10. L’annonce la plus significative sur le plan géostratégique concerne le pétrole. Xi Jinping a déclaré son intérêt pour l’achat de pétrole américain, signalant explicitement un objectif de réduction de la dépendance chinoise vis-à-vis du détroit d’Hormuz7. Les deux dirigeants ont convergé sur le maintien de la liberté de navigation dans le détroit – convergence facilitée par la guerre Iran-États-Unis en cours, qui rend l’approvisionnement via Hormuz aléatoire pour tous les importateurs. Cette convergence pétrolière masque toutefois un rapport de forces inégal : les États-Unis, exportateurs nets d’énergie depuis 2019, gagnent des parts de marché ; la Chine diversifie ses fournisseurs mais accroît sa dépendance vis-à-vis d’un pays avec lequel elle est en rivalité systémique.
11. Sur les technologies, le bilan est plus ambigu. L’accord de janvier 2026 autorisant Nvidia à vendre ses puces H200 à dix entreprises chinoises approuvées, moyennant un tarif de 25 pour cent, n’a produit aucune livraison effective à ce jour8. Les entreprises chinoises ont suspendu leurs commandes sous pression de Pékin, qui hésite entre l’intérêt technologique immédiat et le risque de dépendance à long terme. Le sommet n’a pas débloqué cette impasse. Les semi-conducteurs avancés, les terres rares, les technologies à double usage et Taïwan restent les angles morts du communiqué – précisément les sujets sur lesquels la rivalité est structurelle et non négociable.
12. Le taux tarifaire effectif moyen des États-Unis sur les biens chinois se maintient autour de 30 pour cent après la trêve de Genève, qui a réduit les tarifs de 145 à 30 pour cent côté américain et de 125 à 10 pour cent côté chinois9. Le Penn Wharton Budget Model estimait ce taux à 31,6 pour cent en février 202610. La structure tarifaire reste donc significativement plus élevée qu’avant 2025, et les accords de Pékin ne modifient pas cette donne. Le « deal » porte sur les flux, pas sur les prix d’accès au marché.
13. L’expérience du phase one deal de 2020 invite à la prudence. Le Peterson Institute for International Economics a documenté que la Chine n’avait honoré que 57 pour cent de ses engagements, et que les achats réalisés s’effectuaient en partie par substitution aux importations européennes et latino-américaines11. La mécanique du commerce géré bilatéralement est structurellement défavorable aux tiers : chaque dollar de soja acheté aux États-Unis sous pression politique est un dollar soustrait au Brésil ou à l’Argentine.
Le statu quo négocié : ni deal, ni rupture
14. La qualification la plus précise de ce qui s’est passé à Pékin serait celle d’un statu quo négocié.

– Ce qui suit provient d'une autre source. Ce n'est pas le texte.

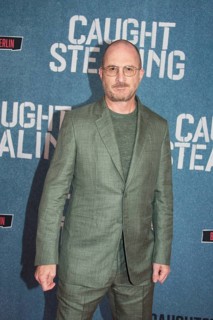 Director and producer Darren Aronofsky, CAUGHT STEALING (in cinemas from 28.08.2025), exclusive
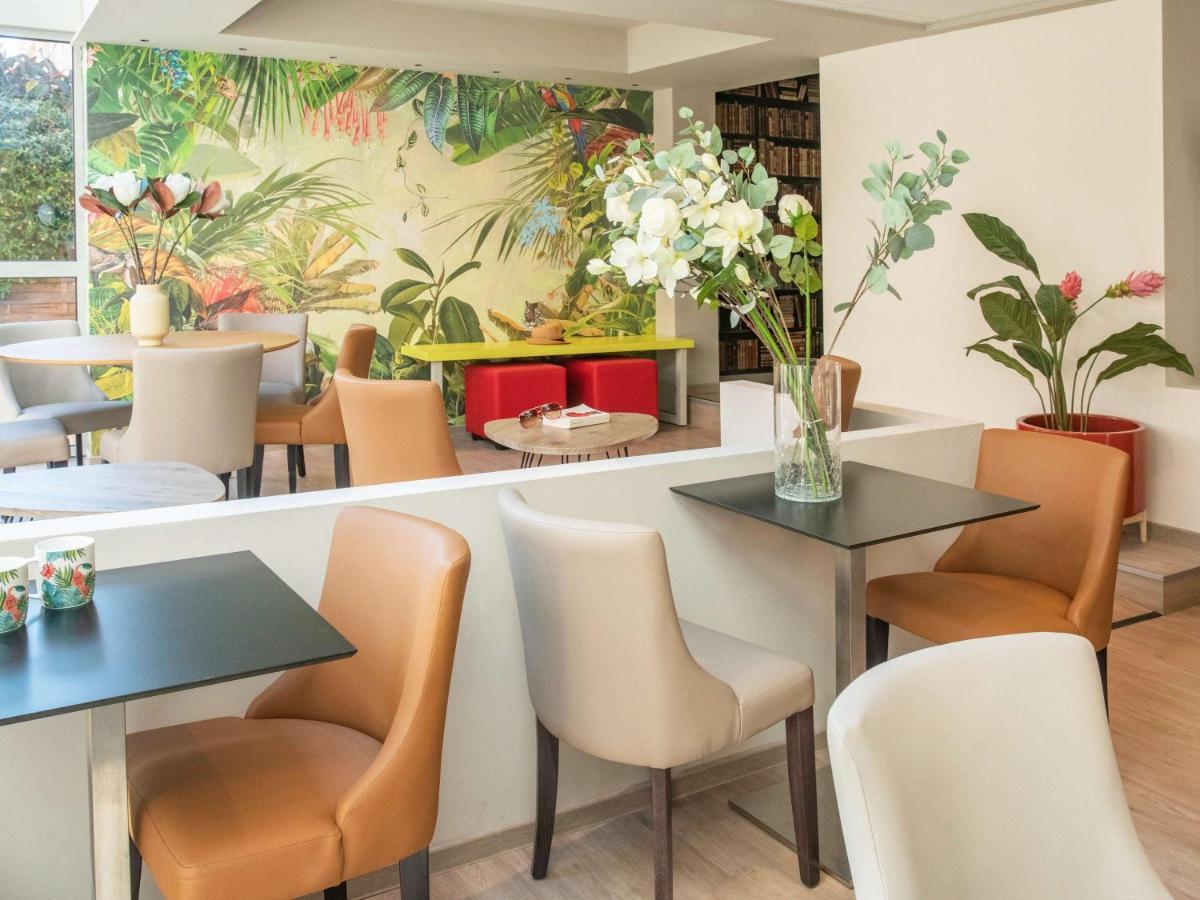Ibis Styles Beaulieu Sur Mer Dış mekan fotoğraf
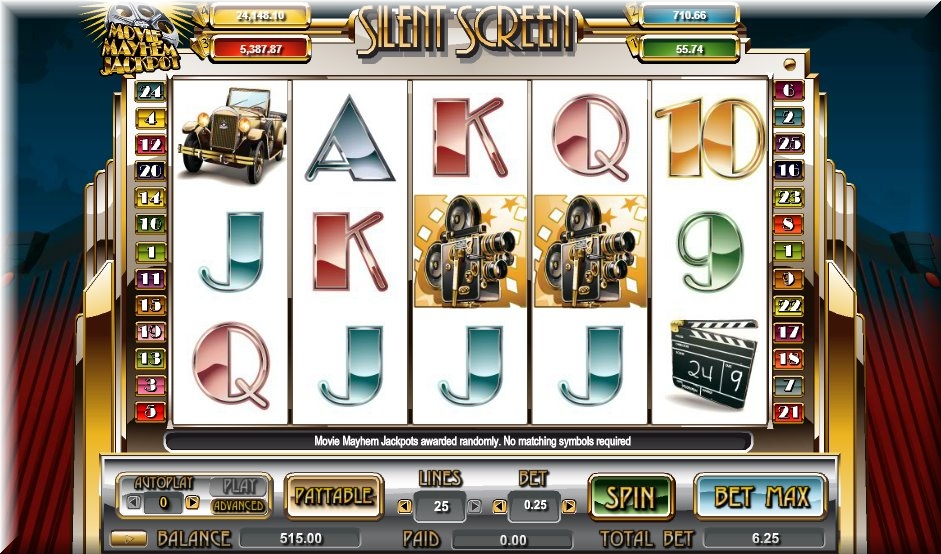 Casino Jackpot Gewinner - 58754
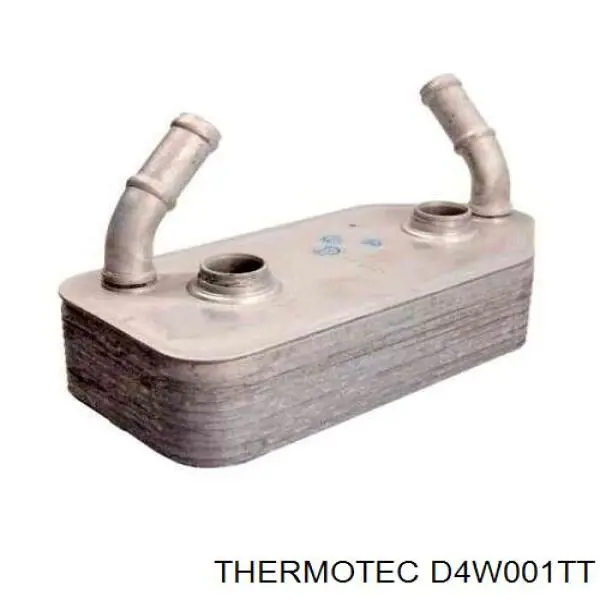 Радиатор АКПП Thermotec D4W001TT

Pékin gagne du temps ; elle ne gagne pas un cadre. La « stabilité stratégique constructive » est une formule suffisamment creuse pour ne contraindre aucune des deux parties, mais suffisamment solennelle pour justifier l’absence d’escalade pendant la période convenue. C’est un plancher diplomatique, pas un plafond de coopération.
15. Ce diagnostic s’appuie sur ce qui n’a pas été discuté. Taïwan a fait l’objet d’un avertissement de Xi – « des erreurs sur Taïwan mettraient la relation en grand péril » – sans qu’aucun mécanisme de gestion des crises dans le détroit de Taïwan ne soit convenu12. Les subventions industrielles chinoises, que la Section 301 cible explicitement depuis mars, n’ont fait l’objet d’aucune concession. L’ordonnance chinoise d’interdiction d’exportations de certaines technologies du 2 mai 2026 – signal structurel de la juridicisation de la guerre commerciale côté chinois – n’a pas été retirée13. Les restrictions sur les terres rares, partiellement suspendues dans le cadre de la trêve d’octobre, restent en vigueur pour les licences antérieures à avril, ce qui affecte directement les chaînes d’approvisionnement européennes.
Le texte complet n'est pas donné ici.